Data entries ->
Start of Block
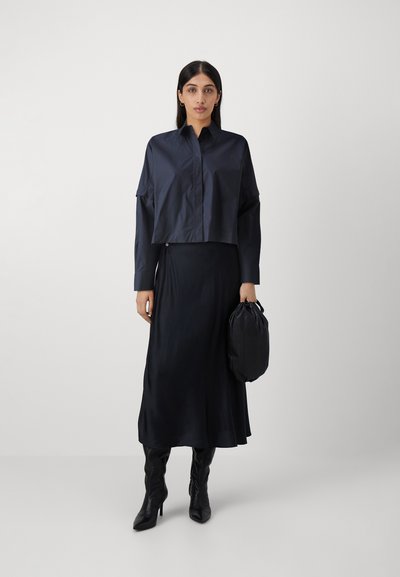 Cropped shirt nera in tessuto morbido, abbinato a una lunga gonna nera in satin e stivali col tacco neri fino al ginocchio. Tiene in mano una borsa nera.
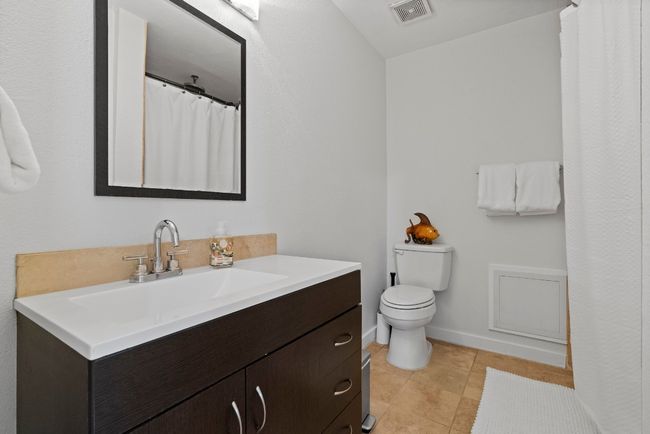 Full bathroom featuring toilet, tile patterned flooring, vanity, and baseboards | Image 23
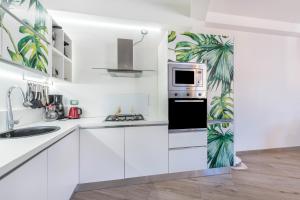 Una cocina blanca con gabinetes blancos y un microondas. en Center Salo, en Saló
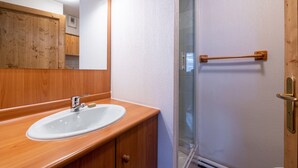 Un baño con tocador de madera, un lavabo blanco y una cabina de ducha de vidrio.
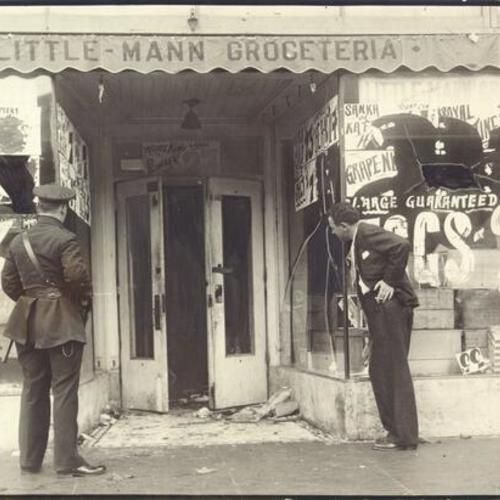 [Police officer and man examining Little-Mann grocery store damaged by thrown rocks during dock strike]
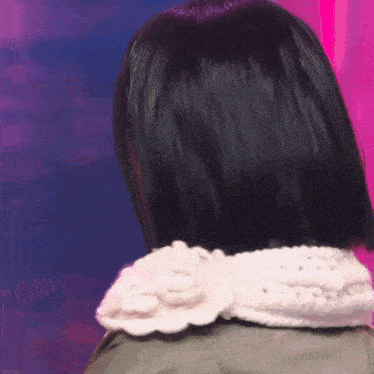 a close up of a woman 's back with a white flower on her collar .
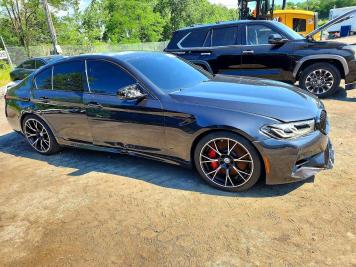 2023 bmw m5 COMPETITON in Black - Front Three-Quarter View - BidGoDrive Inventory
End of Block
PROMPT ->
Pictures are to be left out; all else in the entries above is to be quoted exactly.

ANSWER TO THIS EXERCISE ->
 Cropped shirt nera in tessuto morbido, abbinato a una lunga gonna nera in satin e stivali col tacco neri fino al ginocchio. Tiene in mano una borsa nera.
 Full bathroom featuring toilet, tile patterned flooring, vanity, and baseboards | Image 23
 Una cocina blanca con gabinetes blancos y un microondas. en Center Salo, en Saló
 Un baño con tocador de madera, un lavabo blanco y una cabina de ducha de vidrio.
 [Police officer and man examining Little-Mann grocery store damaged by thrown rocks during dock strike]
 a close up of a woman 's back with a white flower on her collar .
 2023 bmw m5 COMPETITON in Black - Front Three-Quarter View - BidGoDrive Inventory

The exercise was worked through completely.